Having devoted a majority of my college career to journalism, I’ve come to consider it an art form. The technique of interviewing. The process of editing. The craft of storytelling. Despite spending years honing those skills, I now realize this passion of storytelling is something I have taken for granted. I have become so accustomed to telling someone else’s story, I had forgotten that sometimes it’s more important for them to tell their own.
During our five weeks in Cambodia, we have partnered up with the Siem Reap-based NGO, the Ponheary Ly Foundation (PLF). Each of us has been assigned to various projects, from working with students in classrooms, to helping PLF graduates expand a start-up business. Of course, when I was informed that PLF was looking to redesign its media curriculum, I felt excited to lend a hand. Working alongside Florencia (another student of Lang in Cambodia) and the organization’s two media teachers, we reinvented the curriculum and ran a pilot class with six students. Now that we’re nearing the end of our time here, I can confidently say that these youth have far more to offer to me than I do to them.
One of the exercises in the media class was to create a storyboard for a photo series. Prior to going out and taking photos, students had to come up with ideas for what they wanted their story to be about. I was asking one of the students what she wanted to show in her photo story. She said she didn’t have any ideas, so I told her she could tell a story about anything she found interesting or thought was important. And then she told me, “But I don’t think other people care about what I think is important.”
It’s quite easy to overlook this exchange.

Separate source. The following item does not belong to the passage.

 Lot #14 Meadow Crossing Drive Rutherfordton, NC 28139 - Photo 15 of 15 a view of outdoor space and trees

Yet, it is undeniable that this sentiment is illustrative of the way many underprivileged youth here in Cambodia feel about their relationship to the larger world. I wanted to say the following to that student: “The feeling that there is some sort of universal indifference to your opinions about your life, your people, or your country, is the result of intergenerational trauma from oppressive leaders even beyond your own borders, a massive bombing campaign and genocide, a lack of the most basic infrastructure from education to proper sanitation, and countless international organizations transplanting ill-fitting “solutions” to your home, a place those strangers are often terribly unfamiliar with. I wanted to tell her that there is a history behind the statement she made – a history that does not need to repeat itself.” I wanted to tell her that the first step in charting a new path forward is to allow Cambodians to write a new story themselves.

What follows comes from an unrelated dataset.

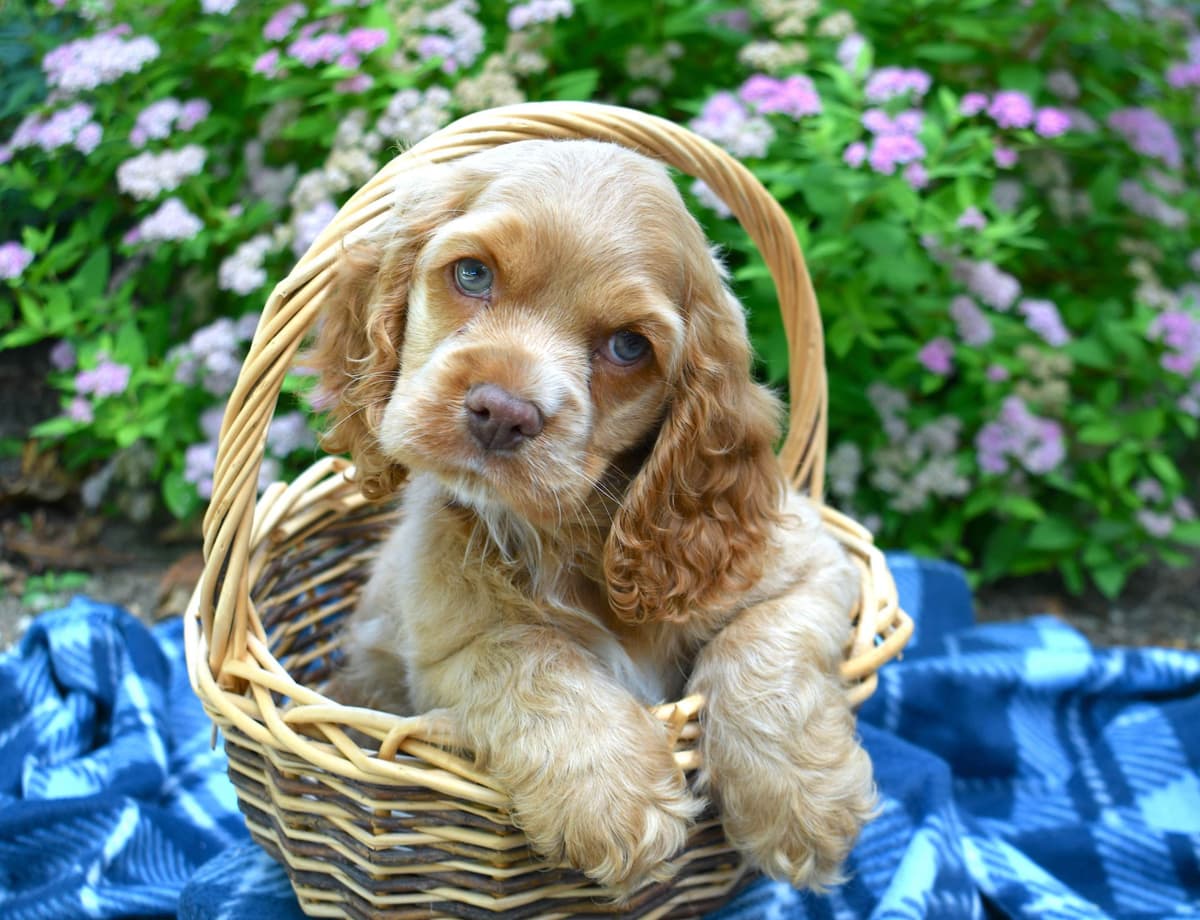 Cocker Spaniel Puppies breeder image 12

This rewriting isn’t literal either. It shouldn’t only be applied in the context of media and journalism. This type of self-determination should become integral to the work of every organization, especially foreign, that enters a new place. Development workers should not solely be thinking of how they can identify problems and how they can fix them, but rather how they can work alongside Cambodian people to carry on those projects themselves.
I just graduated from The New School this May, and I had a plan that now seems in some ways contradictory to the politics I believe. Now, I have started the process of reassessing my method, and seeing how I can apply this newfound knowledge to whatever role I choose to occupy in the process of change, whether it be through a career in journalism or development.